Things have been going okay.  Andrew still has his feeding tube, and we feed about 16 hours a day.  Because he is still vomiting once to twice a day he is a little dehydrated so we are needing to give him saline via IV as well for 2 hours everyday.  He is taking it pretty well and just takes his little backpack with his fluids and pump around with him.  His blood counts look good so far, and we will go to the doctor tomorrow to double check them again.

And as promised here is the St. Baldricks speech.  ;0)

Taylor and Rumble

We met some nice guys who were going to be shaving their head at St. Baldricks Saturday as well, and invited Andrew to do the first swipe.  Toby is below with his green hair getting shaved by Andrew.

Andrew and Toby

Sucess!

  Then when Mom went up to get shaved Andrew gave a little speech.  He thanked everyone for coming, and told them that cancer does suck, but we are thankful for the support and thank you for donating.  We will post the video soon.  Then he took the first shave of one of the nurses who cares for him at St. Lukes Andrew #2.

Andrew #1 shaving Andrew #2

Next it was time for Mom.

Locks for Love here we come

Now we are the baldy ones….

We are home from the hospital!  Andrew was such a trooper, although the procedure for putting in the feeding tube was not pleasant, his complaints were few.  They gave him some adavan to help him “chill” and he was very loopy and very funny by the time they began.  Then they used lidocaine to numb his nostril.  They inserted the tube up his nose, down his throat and into his stomach.

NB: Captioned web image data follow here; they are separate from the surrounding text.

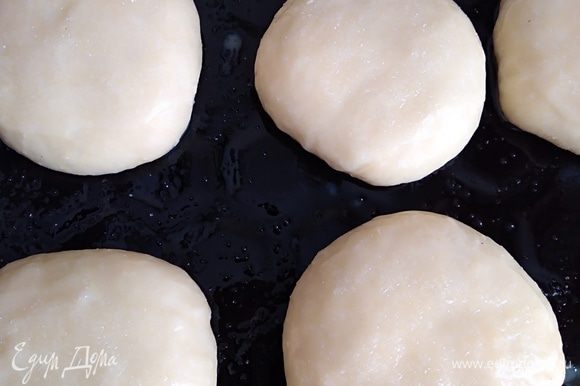 Для смазки взболтать яйцо, воду и смазать все булочки с помощью кисточки. Посыпать ванильным или обычным сахаром. Выход — 22 булочки.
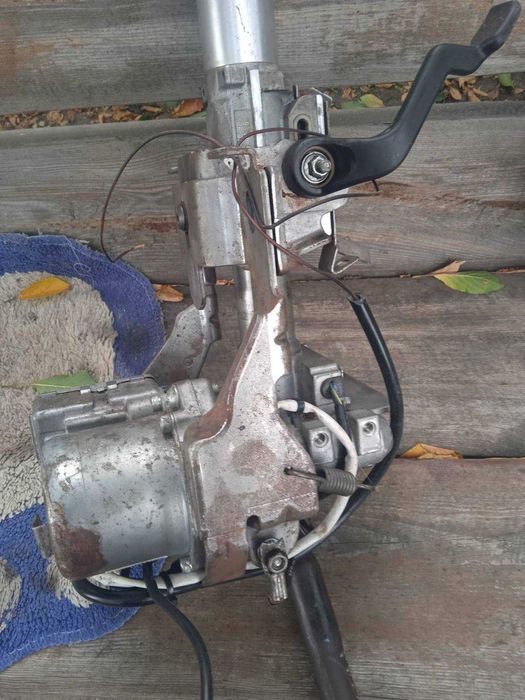 Електропідсилювач керма (EPS) Nissan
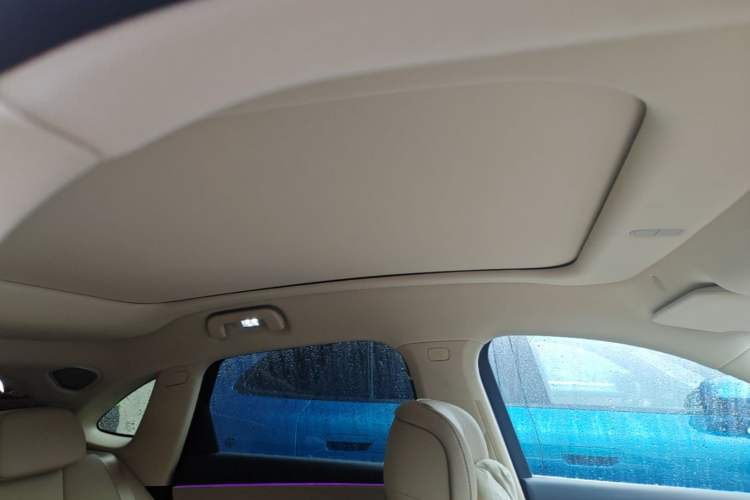 Used Hima AITO M5 2025 Extended-Range Ultra All-Wheel-Drive Version Headliner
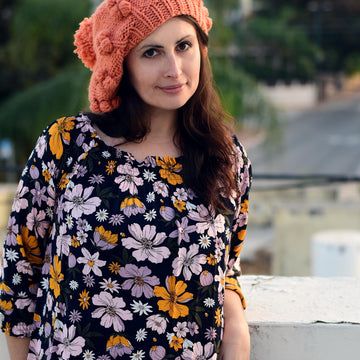 Bobbul knit hat with bobbles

After the tube was in, Andrew was  a little loopy and didn’t understand why his nose felt so funny so he kept touching his nose, so I had to capture the moment.

He gagged quite a bit after it was in, but no vomit which was great!  He wanted to see what it looked like….

Then he needed an x-ray to ensure it’s placement was correct in his stomach.

Then I left for about 5 minutes to get some bags out of the car, and naughty Andrew had pulled off the tape and was attempting to pull it out.  No worries, he didn’t get to do it and the medications wore off so that he had better reasoning skills and now leaves his nose hose alone.

Thus far he is taking it pretty well, although he is very upset that it was not able to come out before we left the hospital.  The tube is a little irritating right now, but we are told that he will get used to it and will barely know it is there.  We will keep it in until he can eat well enough to keep his calories up.  We will update again soon.  Thank you everyone!

So today was the deadline to see if we could get Andrew to eat enough food to keep him healthy.  I am not happy to say that he is still not able to eat enough to help his body recover from the treatments.  He will be admitted to the hospital tomorrow to have a feeding tube inserted into his abdomen.  This is safer for him, there is less chance of an infection, and it utilizes his digestive tract which is important as well.  He is kind of scared, but admits that food does not make him happy right now and this will help him a great deal.  He should be released from the hospital Saturday if all goes well.  We will keep you updated.

We went to the doctor yesterday for Andrew’s in and out chemo.  He did well during the appointment and was cracking jokes the whole time.  However, he lost one pound from Friday to Monday, not good.  He is throwing up a lot more with this round.  We are hoping a new medication patch behind the ear will help and we can get his weight under control.  If by Thursday his eating does not improve we might have to put a feeding tube in his abdomen.  It is safer than the IV nutrients he was getting before, less likely to cause an infection, and allows his digestive tract to be used.  He is keeping up with his school work, and looking forward to watching Mom get her head shaved so is telling everyone about it.  We will try to do a webcast later this week.  Thank you so much everyone who is supporting us in thought, body, and spirit.